Data for this exercise:
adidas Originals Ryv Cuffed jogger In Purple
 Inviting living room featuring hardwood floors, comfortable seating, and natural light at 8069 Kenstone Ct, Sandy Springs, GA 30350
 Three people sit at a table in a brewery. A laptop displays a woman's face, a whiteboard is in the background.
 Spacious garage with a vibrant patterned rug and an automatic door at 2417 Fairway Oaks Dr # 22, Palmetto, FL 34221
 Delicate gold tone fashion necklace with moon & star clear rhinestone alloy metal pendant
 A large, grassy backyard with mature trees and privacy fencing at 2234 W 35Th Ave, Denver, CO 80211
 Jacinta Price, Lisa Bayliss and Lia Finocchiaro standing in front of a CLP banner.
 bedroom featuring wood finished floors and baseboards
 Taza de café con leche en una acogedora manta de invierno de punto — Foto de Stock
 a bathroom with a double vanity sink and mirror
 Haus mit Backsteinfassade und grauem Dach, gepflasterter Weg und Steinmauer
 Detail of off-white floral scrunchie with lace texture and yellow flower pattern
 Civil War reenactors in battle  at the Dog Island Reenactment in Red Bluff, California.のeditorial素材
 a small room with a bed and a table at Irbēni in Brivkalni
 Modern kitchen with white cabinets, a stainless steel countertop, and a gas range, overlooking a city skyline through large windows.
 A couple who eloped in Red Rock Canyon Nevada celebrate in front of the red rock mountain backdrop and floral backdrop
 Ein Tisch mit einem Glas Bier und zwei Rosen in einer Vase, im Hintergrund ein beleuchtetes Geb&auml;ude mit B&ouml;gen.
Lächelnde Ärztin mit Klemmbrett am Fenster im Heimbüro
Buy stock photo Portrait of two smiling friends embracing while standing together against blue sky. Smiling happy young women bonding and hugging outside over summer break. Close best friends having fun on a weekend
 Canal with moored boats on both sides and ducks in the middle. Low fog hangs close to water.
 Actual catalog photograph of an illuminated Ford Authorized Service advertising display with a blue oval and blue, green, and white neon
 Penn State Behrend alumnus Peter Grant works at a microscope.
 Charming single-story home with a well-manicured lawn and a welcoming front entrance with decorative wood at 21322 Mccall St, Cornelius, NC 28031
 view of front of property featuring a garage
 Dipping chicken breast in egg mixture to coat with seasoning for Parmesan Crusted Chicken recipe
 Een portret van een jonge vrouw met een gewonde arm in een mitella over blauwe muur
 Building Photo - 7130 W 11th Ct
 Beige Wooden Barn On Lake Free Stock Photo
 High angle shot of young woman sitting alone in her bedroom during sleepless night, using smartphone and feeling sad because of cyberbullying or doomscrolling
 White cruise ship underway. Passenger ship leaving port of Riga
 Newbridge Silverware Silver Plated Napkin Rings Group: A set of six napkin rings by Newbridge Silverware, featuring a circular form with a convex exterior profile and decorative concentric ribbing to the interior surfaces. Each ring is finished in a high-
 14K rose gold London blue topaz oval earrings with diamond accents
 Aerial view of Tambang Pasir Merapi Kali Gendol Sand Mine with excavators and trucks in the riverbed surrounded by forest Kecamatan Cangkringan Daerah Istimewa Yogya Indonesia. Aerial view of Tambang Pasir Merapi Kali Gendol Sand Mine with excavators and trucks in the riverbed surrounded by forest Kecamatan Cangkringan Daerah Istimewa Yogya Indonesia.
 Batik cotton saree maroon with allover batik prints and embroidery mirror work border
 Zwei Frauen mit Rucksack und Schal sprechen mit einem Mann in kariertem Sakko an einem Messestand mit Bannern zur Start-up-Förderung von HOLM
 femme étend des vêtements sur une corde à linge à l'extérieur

Your task:
Print exactly, and only, the lines beginning at the top of the listing and ending at the line with "Penn State Behrend".

Expected answer:
adidas Originals Ryv Cuffed jogger In Purple
 Inviting living room featuring hardwood floors, comfortable seating, and natural light at 8069 Kenstone Ct, Sandy Springs, GA 30350
 Three people sit at a table in a brewery. A laptop displays a woman's face, a whiteboard is in the background.
 Spacious garage with a vibrant patterned rug and an automatic door at 2417 Fairway Oaks Dr # 22, Palmetto, FL 34221
 Delicate gold tone fashion necklace with moon & star clear rhinestone alloy metal pendant
 A large, grassy backyard with mature trees and privacy fencing at 2234 W 35Th Ave, Denver, CO 80211
 Jacinta Price, Lisa Bayliss and Lia Finocchiaro standing in front of a CLP banner.
 bedroom featuring wood finished floors and baseboards
 Taza de café con leche en una acogedora manta de invierno de punto — Foto de Stock
 a bathroom with a double vanity sink and mirror
 Haus mit Backsteinfassade und grauem Dach, gepflasterter Weg und Steinmauer
 Detail of off-white floral scrunchie with lace texture and yellow flower pattern
 Civil War reenactors in battle  at the Dog Island Reenactment in Red Bluff, California.のeditorial素材
 a small room with a bed and a table at Irbēni in Brivkalni
 Modern kitchen with white cabinets, a stainless steel countertop, and a gas range, overlooking a city skyline through large windows.
 A couple who eloped in Red Rock Canyon Nevada celebrate in front of the red rock mountain backdrop and floral backdrop
 Ein Tisch mit einem Glas Bier und zwei Rosen in einer Vase, im Hintergrund ein beleuchtetes Geb&auml;ude mit B&ouml;gen.
Lächelnde Ärztin mit Klemmbrett am Fenster im Heimbüro
Buy stock photo Portrait of two smiling friends embracing while standing together against blue sky. Smiling happy young women bonding and hugging outside over summer break. Close best friends having fun on a weekend
 Canal with moored boats on both sides and ducks in the middle. Low fog hangs close to water.
 Actual catalog photograph of an illuminated Ford Authorized Service advertising display with a blue oval and blue, green, and white neon
 Penn State Behrend alumnus Peter Grant works at a microscope.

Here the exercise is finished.